Caso Pantani: reperti distrutti e un filmato cancellato

Distrutti i reperti anatomici prelevati durante l’autopsia: la Procura di Rimini sostiene sia previsto dal codice penale

Continua a tenere banco il caso della morte di Marco Pantani, ciclista deceduto circa 10 anni fa in una stanza del Residence “Le Rose” a Rimini. Secondo quanto scrive ‘Sportmediaset’, i reperti anatomici prelevati durante l’autopsia dell’ex ciclista, sono stati distrutti dopo l’utilizzo da parte degli inquirenti: si tratta di tessuti prelevati dal corpo di Pantani e sui quali, tramite vetrini o blocchi di paraffina, sono stati effettuati i test nei giorni successivi al decesso, avvenuto nel febbraio del 2004. Dopo essere stati depositati all’Ufficio corpo del reato da parte del dottor Giuseppe Fortuni, colui il quale effettuò l’autopsia su ordine della Procura della Repubblica di Rimini, i reperti sono stati eliminati, come prevederebbe anche la legge.

“La distruzione dei reperti anatomici – fanno sapere dalla Procura di Rimini – è prevista dal codice di procedura penale quando il processo è terminato. Così come in questo caso, si è arrivati dopo 10 anni ad una sentenza di Cassazione”.

La distruzione delle prove è avvenuta poiché, secondo gli inquirenti, la famiglia o i legali di Pantani, non ne hanno richiesto la conservazione in tempi utili. La cosa singolare, però, è che nonostante la sentenza definitiva della Cassazione sia giunta nel 2011, l’eliminazione dei reperti sia avvenuta solo in questo periodo, in cui la famiglia dell’ex campione romagnolo sia riuscita a far riaprire l’inchiesta tramite la rappresentanza legale dell’avvocato De Rensis.
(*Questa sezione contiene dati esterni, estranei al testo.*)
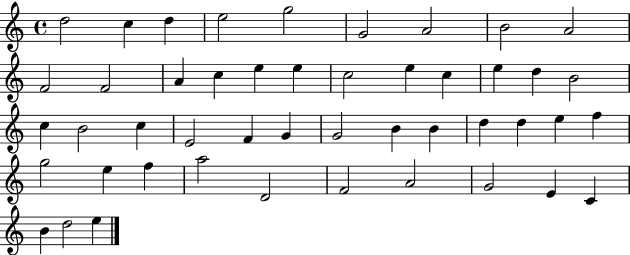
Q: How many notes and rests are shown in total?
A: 47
E non è tutto: ricordate il video di 51 minuti girato dalla polizia al primo ingresso nella stanza del residence in cui Pantani è stato trovato morto? Il filmato ha fatto molto discutere per il modo in cui chi è entrato nella stanza si è comportato, contaminando in modo molto evidente la scena del delitto, toccando oggetti un po’ dappertutto. Ebbene, quel video è stato cancellato, ma per fortuna l’avvocato De Rensis, dopo averlo ottenuto dalle forze dell’ordine, aveva provveduto a farne una copia. Il mistero si infittisce, anche perché lo stesso filmato presentava un incognita di fondo: per legge la scena del crimine fa filmata dal primo all’ultimo minuto di sopralluogo, ma nonostante lo stesso fosse durato circa tre ore, il video durava solo 51 minuti.

Settimana dopo settimana, a quanto pare, vengono fuori sempre nuovi risvolti che gettano ulteriori ombre sulla fine di Marco Pantani.